The movie in question is The Orphanage, directed by Juan Antonio Bayona, written by Sergio G. Sanchez, and produced and pushed by Guillermo del Toro. Del Toro is horror royalty, and he reached that lofty position by first creating compelling people and situations and extrapolating the horror from their lives. Bayona and Sanchez do as well, and so The Orphanage is like the best ghost stories: half thriller, half murder mystery. But in this kind of murder mystery, the victims are as dangerous as the murderer, and they don’t follow any rules you understand.

The Orphanage is about Laura (Belén Rueda), who lived in the stately old building in Spain as one child among a handful of special needs kids. She’s the lucky one that gets out, and years later, as a wife and mother of her own adopted child, she moves back in to provide the same merciful paradise she herself grew up in. But the orphanage – remote as it is, near the coastline with a long-dormant lighthouse nearby – has its own secret history, one Laura may never understand. At least not without sacrifice.

There’s a lot of homage work going on here, or at least a lot of notions and ideas I’ve seen used in other great ghost stories, from Poltergeist (you’ll know the scene) to The Haunting of Hill House by Shirley Jackson. Another trait they all share is in acknowledgment of the permanence of locations; in a place where a building can stand for decades or centuries and change hands a dozen times, it’s the people who are brief and fleeting. The house stays; the house remembers.

Laura is a strong character. She’s a mother, as are so many female protagonists featured in haunted house stories, which neatly answers the one question that must logically arises when considering a haunted house. Namely: Why the hell don’t you just move away? Answer: My child is in danger. But Laura is as brave in the end as she is in the beginning; she knows her fear, but masters it. We believe her. That courage gives us enough to keep our eyes open during the unbearable.

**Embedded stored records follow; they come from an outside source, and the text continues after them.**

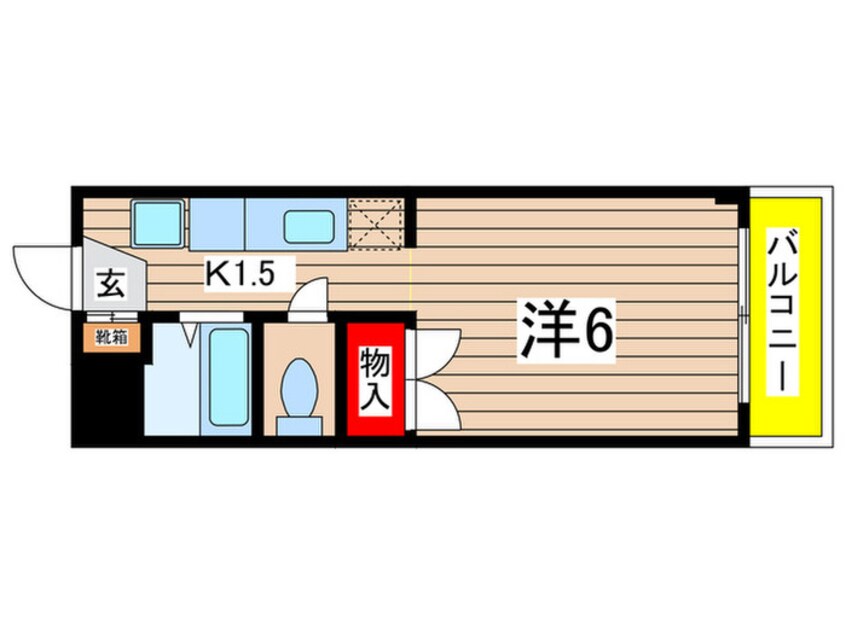 間取図 シャトル船原１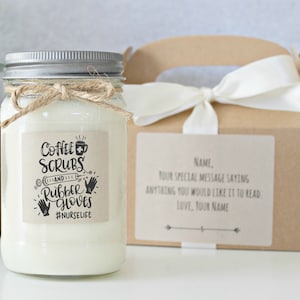 Nurse Gift / Personalized Gift Candle / Nurse Appreciation / Gift for Nurse / Nurse Life / Personalized Candle with box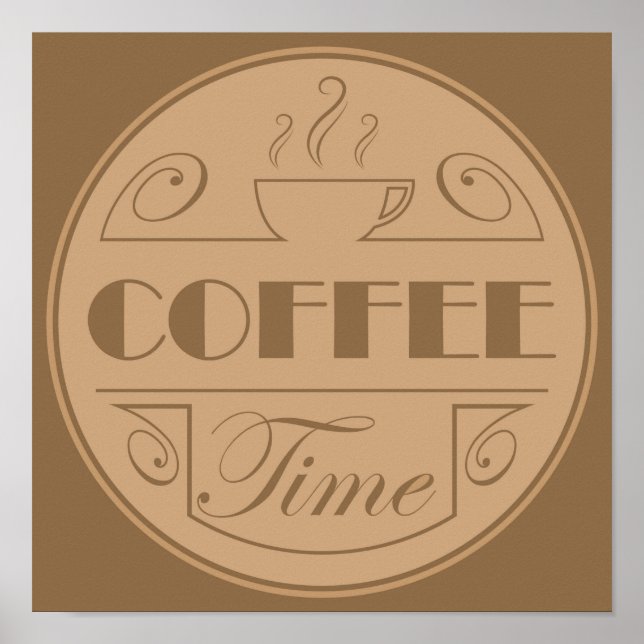Poster Emblème de l'heure du café (Devant)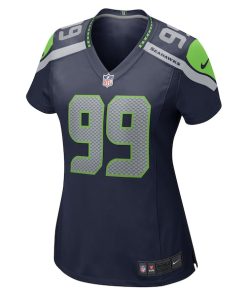 Alternative view of Carl Davis Jr. Seattle Seahawks Nike Women's  Game Jersey -  Navy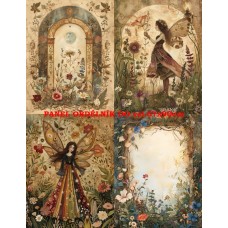 Látkový panel - sada - kolekce MAGICKÝ LES  - MYSTICKÉ VÍLY 399-79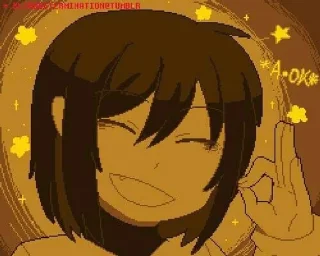 🌟 emoji Chara and Frisk Telegram sticker 23 of 25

And so, oddly enough, does the presence of her husband Carlos (Fernando Cayo). Carlos is an actual presence in Laura’s life, not just a foil. I like it when a story acknowledges that adults have complex relationships and people they rely on, and that going it alone is unusual, especially in times of uncertainty or danger. Horror movies almost universally do everything they can to isolate the protagonist from the outside world; in an age of cell phones and GPS, the deus ex machina of outside help can too easily spoil the helplessness most storytellers rely on to generate fear. But Laura does what anyone would do in her situation: She turns to the authorities, then to paranormal investigators, and all the while she leans on her increasingly skeptical husband. When she finally must face the old orphanage alone, we know why. This story is about her and only her, in ways even she doesn’t know.

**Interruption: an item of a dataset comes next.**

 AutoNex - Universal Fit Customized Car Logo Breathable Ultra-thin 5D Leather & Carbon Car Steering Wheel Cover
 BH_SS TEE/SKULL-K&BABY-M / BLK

The pace of The Orphanage will throw some people. Horror is perhaps the most nakedly musical film genre, relying on steady beats to lull its audience in for maximum effect. If you’ve seen a lot of slasher movies, you know exactly what beats I’m talking about; it’s how you know exactly when the Bad Thing is going to happen to the Hapless Teenager. The Orphanage’s beat is slower, but its rewards are far richer as a result. It’s nice when someone chooses to build a symphony instead of another pop song.